» Required action
Collect all lines below with the string "Used".

Recorded data
__________________________________________________

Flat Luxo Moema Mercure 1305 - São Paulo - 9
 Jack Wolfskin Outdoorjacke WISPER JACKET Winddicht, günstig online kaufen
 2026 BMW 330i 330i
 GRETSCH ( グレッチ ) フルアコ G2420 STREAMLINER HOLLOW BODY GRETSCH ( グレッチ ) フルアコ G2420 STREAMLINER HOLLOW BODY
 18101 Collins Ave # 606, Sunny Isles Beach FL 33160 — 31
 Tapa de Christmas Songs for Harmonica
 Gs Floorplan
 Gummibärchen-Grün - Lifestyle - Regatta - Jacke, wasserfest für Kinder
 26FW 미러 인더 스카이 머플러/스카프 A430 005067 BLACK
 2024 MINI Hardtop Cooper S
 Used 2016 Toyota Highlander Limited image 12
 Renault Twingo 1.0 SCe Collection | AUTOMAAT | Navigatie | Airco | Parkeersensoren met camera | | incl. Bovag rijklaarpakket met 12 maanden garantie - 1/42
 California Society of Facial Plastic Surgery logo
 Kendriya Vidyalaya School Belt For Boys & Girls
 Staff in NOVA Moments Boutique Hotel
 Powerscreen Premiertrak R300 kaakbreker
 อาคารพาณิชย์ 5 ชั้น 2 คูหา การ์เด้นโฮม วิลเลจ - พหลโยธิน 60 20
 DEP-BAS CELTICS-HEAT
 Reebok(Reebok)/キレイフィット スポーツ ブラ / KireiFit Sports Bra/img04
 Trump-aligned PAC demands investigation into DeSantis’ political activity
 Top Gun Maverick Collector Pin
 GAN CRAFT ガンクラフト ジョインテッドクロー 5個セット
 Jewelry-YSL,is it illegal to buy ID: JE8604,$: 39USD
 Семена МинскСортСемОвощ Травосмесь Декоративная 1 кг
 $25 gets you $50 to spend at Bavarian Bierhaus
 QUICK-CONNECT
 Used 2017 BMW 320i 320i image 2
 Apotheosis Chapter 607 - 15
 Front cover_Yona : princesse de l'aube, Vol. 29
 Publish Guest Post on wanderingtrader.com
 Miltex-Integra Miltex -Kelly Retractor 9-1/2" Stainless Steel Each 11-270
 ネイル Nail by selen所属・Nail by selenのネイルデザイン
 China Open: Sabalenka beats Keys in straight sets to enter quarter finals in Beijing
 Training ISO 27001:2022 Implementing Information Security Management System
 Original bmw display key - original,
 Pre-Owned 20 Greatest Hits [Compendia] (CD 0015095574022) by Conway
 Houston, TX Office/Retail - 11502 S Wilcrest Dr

__________________________________________________

» Answer section
 Used 2016 Toyota Highlander Limited image 12
 Used 2017 BMW 320i 320i image 2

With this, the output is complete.